Context and Legal Basis

  • Legal Instruments Used: Detention of non-citizens in India is primarily carried out under:
    • Foreigners Act, 1946
    • National Security Act (NSA), 1980
  • Assam NRC Impact: 19 lakh people excluded from the National Register of Citizens (NRC), many declared non-citizens and subjected to detention.

Relevance : GS 2(Governance, International Relations)

Constitutional and Judicial Principles

  • Article 21: Guarantees protection of life and personal liberty to all persons (citizens and non-citizens).
  • Article 22: Provides safeguards against arbitrary preventive detention, including:
    • Right to be informed of grounds of arrest
    • Right to consult a legal practitioner
    • Right to be presented before a magistrate within 24 hours
  • Judicial Power & Common Law Tradition:
    • Liberty can only be curtailed through judicial process or preventive detention under strict constraints.
    • Detention should be purpose-driven (trial, punishment, or legitimate preventive need).

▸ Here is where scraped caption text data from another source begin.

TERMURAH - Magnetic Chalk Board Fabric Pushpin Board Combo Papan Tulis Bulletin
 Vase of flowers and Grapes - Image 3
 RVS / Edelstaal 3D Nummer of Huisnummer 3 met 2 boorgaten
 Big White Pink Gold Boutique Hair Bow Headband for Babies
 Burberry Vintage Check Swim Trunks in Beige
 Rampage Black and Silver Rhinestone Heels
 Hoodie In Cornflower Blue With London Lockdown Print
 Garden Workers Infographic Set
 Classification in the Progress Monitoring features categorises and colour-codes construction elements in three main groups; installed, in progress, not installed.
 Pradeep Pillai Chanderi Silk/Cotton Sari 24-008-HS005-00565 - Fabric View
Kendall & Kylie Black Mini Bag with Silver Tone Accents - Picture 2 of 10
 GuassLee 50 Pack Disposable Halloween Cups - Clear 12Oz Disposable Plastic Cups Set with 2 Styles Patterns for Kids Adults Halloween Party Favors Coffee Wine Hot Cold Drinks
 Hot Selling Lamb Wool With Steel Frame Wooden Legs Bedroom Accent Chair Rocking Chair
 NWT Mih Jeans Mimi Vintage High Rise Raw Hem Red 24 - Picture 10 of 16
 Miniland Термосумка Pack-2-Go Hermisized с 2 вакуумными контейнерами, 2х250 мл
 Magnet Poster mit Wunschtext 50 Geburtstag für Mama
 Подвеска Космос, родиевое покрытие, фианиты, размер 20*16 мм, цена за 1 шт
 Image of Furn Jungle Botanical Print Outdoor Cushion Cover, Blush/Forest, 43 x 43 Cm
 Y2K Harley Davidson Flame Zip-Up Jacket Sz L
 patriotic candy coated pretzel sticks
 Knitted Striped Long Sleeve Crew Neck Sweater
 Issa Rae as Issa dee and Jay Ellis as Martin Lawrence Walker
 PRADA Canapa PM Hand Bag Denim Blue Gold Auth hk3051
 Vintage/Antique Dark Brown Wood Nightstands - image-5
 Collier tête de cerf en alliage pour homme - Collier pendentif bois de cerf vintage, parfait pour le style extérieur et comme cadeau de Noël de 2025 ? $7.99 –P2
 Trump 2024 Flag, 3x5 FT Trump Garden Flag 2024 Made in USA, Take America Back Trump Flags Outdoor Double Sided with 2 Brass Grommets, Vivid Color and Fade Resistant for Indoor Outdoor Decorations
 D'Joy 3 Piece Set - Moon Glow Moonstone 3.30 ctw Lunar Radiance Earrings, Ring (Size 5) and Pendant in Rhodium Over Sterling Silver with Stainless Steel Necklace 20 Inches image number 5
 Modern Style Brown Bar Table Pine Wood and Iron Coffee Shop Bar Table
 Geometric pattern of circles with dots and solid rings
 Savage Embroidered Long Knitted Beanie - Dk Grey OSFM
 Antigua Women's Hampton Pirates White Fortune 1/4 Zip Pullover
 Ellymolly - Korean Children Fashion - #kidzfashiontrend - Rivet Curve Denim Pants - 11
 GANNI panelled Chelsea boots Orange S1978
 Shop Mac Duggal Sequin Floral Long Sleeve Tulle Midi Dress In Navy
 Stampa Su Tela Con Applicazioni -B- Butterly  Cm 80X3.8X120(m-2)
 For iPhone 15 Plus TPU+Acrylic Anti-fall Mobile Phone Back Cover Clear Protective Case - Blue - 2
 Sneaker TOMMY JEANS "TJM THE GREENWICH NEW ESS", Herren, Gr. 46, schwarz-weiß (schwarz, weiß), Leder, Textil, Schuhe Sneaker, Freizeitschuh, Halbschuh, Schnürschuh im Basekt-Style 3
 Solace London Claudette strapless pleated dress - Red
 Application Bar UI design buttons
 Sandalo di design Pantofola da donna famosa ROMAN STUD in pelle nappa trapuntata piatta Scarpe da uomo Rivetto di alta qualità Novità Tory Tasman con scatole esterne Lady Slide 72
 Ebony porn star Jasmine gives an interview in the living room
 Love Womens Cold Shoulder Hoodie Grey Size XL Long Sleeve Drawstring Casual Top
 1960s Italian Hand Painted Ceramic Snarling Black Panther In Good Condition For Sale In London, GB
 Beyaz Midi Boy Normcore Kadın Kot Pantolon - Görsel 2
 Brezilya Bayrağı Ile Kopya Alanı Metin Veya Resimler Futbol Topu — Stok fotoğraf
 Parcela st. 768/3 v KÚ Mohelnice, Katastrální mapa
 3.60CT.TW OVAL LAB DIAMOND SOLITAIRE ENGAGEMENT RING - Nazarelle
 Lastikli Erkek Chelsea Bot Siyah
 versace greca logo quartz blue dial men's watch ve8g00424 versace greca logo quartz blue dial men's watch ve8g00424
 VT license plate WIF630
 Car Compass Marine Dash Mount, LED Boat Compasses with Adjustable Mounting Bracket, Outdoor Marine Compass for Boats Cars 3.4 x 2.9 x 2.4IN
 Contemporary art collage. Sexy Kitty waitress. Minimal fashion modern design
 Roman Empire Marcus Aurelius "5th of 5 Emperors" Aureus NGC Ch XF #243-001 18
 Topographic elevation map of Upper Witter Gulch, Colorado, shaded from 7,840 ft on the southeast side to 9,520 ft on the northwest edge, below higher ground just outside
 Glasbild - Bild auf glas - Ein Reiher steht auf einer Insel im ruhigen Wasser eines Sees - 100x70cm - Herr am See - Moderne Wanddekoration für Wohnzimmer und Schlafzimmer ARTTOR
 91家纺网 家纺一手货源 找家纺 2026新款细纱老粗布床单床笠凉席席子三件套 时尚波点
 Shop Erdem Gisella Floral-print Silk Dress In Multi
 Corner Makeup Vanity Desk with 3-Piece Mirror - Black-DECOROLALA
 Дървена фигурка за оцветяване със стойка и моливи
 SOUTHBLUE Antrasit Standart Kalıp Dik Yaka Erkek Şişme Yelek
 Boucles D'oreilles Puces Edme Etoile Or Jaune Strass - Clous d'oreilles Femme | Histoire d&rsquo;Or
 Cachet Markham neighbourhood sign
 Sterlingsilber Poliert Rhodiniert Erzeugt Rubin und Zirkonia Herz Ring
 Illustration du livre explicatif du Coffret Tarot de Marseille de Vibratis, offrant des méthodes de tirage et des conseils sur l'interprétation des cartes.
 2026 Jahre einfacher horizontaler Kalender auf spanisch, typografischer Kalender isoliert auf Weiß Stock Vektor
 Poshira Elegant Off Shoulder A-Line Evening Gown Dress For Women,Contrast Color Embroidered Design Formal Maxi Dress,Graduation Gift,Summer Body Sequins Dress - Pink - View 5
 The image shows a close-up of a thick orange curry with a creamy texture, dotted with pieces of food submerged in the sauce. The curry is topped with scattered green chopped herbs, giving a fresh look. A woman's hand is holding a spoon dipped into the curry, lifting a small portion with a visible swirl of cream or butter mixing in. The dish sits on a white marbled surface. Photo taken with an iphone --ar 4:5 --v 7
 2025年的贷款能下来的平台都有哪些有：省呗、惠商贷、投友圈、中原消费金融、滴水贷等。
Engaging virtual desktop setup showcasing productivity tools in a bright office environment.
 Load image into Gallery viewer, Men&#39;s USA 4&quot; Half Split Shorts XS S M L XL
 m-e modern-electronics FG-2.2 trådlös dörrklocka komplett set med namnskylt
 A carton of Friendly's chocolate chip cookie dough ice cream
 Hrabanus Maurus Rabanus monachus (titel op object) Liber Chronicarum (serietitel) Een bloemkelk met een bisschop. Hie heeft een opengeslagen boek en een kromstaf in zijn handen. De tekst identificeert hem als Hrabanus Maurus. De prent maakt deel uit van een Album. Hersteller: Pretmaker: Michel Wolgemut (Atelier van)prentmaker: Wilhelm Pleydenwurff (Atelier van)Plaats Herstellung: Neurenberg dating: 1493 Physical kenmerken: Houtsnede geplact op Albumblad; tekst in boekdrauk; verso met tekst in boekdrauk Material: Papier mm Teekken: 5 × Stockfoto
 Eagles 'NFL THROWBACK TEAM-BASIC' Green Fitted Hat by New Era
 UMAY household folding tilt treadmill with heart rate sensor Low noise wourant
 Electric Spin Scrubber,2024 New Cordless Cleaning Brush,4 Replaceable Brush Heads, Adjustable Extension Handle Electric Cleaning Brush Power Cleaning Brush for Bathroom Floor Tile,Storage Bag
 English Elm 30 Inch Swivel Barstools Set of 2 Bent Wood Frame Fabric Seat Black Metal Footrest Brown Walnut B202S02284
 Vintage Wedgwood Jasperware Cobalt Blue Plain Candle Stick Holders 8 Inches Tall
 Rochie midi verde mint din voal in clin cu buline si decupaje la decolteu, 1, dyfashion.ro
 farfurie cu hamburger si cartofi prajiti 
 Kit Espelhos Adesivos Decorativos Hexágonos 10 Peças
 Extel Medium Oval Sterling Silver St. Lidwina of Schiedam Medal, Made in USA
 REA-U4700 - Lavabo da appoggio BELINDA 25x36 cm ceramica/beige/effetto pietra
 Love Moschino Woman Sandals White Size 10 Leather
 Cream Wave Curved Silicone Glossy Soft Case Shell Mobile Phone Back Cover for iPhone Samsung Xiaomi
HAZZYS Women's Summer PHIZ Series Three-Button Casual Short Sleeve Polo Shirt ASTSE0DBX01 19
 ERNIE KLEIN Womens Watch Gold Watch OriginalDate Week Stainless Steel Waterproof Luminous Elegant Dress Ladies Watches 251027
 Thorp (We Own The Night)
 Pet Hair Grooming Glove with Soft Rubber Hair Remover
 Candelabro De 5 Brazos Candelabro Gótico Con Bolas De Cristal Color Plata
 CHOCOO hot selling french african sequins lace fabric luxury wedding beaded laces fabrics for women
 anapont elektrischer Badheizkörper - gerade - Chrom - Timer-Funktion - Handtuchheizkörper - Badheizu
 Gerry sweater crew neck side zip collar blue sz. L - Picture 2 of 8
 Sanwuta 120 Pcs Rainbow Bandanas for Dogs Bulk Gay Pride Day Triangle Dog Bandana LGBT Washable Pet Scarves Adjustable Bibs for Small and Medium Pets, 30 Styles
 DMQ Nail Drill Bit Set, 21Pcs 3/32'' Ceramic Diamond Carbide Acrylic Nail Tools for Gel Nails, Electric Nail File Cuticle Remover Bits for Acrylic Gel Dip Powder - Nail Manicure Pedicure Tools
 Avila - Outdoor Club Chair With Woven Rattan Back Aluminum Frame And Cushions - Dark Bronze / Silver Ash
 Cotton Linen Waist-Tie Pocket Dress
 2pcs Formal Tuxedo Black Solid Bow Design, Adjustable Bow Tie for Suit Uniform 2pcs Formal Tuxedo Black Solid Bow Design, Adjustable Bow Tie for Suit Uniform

Assam Detention Practices: Violations & Concerns

  • Violation of due process:
    • Detainees not charged or convicted of any criminal offence.
    • Citizenship stripped on documentary grounds often flawed (e.g., spelling errors, floods destroying records).
  • Indefinite & Arbitrary Detention:
    • No realistic prospect of deportation — only 39 deportations since 2017 against 1.59 lakh declared ‘foreigners’.
  • No legitimate purpose: Detention serves no penal, preventive, or removal purpose — making it constitutionally void under Article 21.

Backward Linkages

  • ADM Jabalpur v. Shivkant Shukla (1976): Earlier upheld suspension of liberty during Emergency; later criticised.
  • Maneka Gandhi v. Union of India (1978): Landmark ruling that any procedure depriving liberty must be “just, fair, and reasonable.”
  • K.S. Puttaswamy (2017): Reaffirmed Article 21’s expansive protection of liberty and dignity.
  • International Human Rights Norms:
    • Violates Article 9 of ICCPR: Prohibition against arbitrary detention.
    • UNHCR standards discourage detention where repatriation is not possible.

Comparative Jurisprudence

  • Australia – NZYQ Case (2023):
    • High Court held indefinite detention without realistic removal prospects unconstitutional.
    • Reinforces judiciarys role in guarding liberty.
  • India – Rajubala Das v. Union of India (2020):
    • Challenge to NRC-related detention pending.
    • Raises question: Can India indefinitely detain stateless individuals?

Larger Implications

  • Threat to Rule of Law:
    • Executive overreach undermines separation of powers and judicial oversight.
    • Weakens constitutional commitment to liberty, fairness, and legality
    •  
  • Humanitarian Crisis:
    • Statelessness leads to permanent legal limbo, with no rights and no nationality
  • Need for Legal Reform:
    • Update Foreigners Act, 1946 to align with modern constitutional jurisprudence and human rights standards.